The predisposition of bureaucrats and politicians to fall for ideas that might be labelled fairly as barmy isn’t a uniquely 21st-century affliction. In September 1919, the UK’s Home Office set up a committee to consider introducing in Great Britain and Ireland what the Daily Telegraph said would be a “twenty-four hour method of timekeeping ... a change in the clock dial, with all the twenty-four hours marked upon it”.
Ireland played an accidental part in firing up enthusiasm for the 24-hour clock. While travelling here in 1876, Scottish-Canadian engineer and inventor Sandford Fleming missed a train because a printed timetable incorrectly listed p.m. instead of a.m. He proposed a single 24-hour clock for the entire planet. More usefully, he designed Canada’s first postage stamp and engineered most of the Canadian Pacific Railway.
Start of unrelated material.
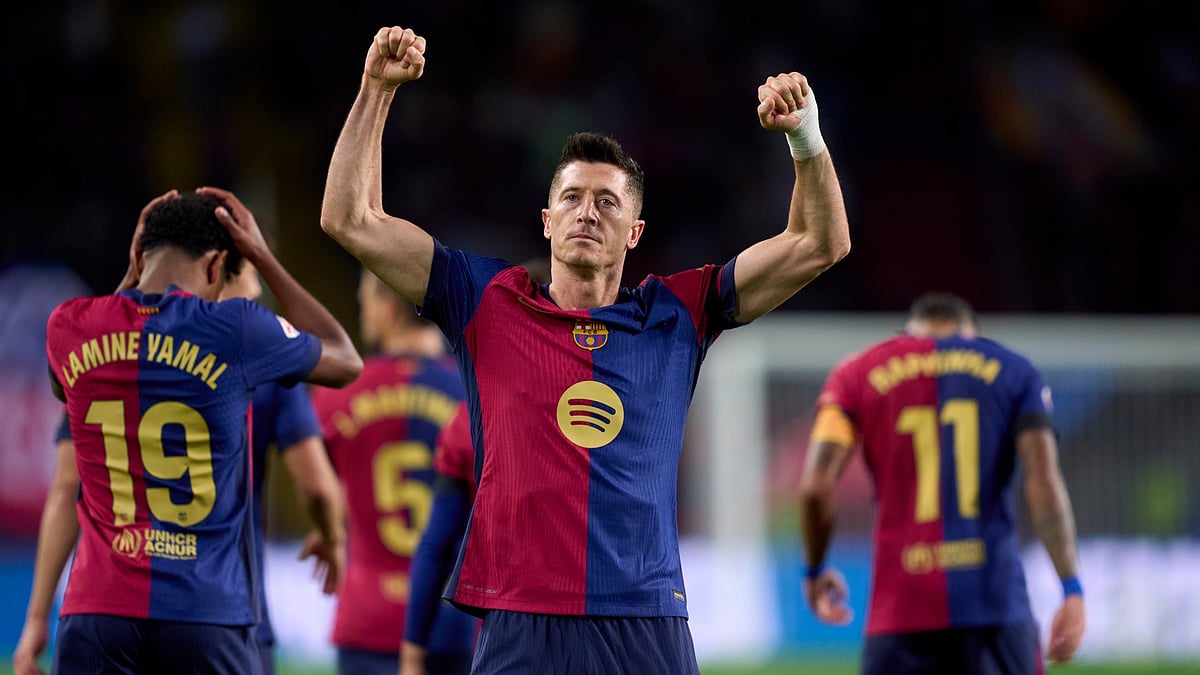Barcelona goalscorer Robert Lewandowski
The 24-hour notation, also known in the US as military time, is the preferred usage in specialist areas aviation, public transport, emergency services, and computing for the avoidance of fatal error and ambiguity. But even in this digital epoch, cutting the day into two 12-hour pieces remains one of the most confirmed of our habits when setting about our more quotidian chores; while the screen might say it’s 15.00, we all know that is what we call 3pm. That enduring “immense unpopularity” of the 24-hour clock for everyday use has saved us from watch and clock faces that would be either indecipherable or ridiculously outsized.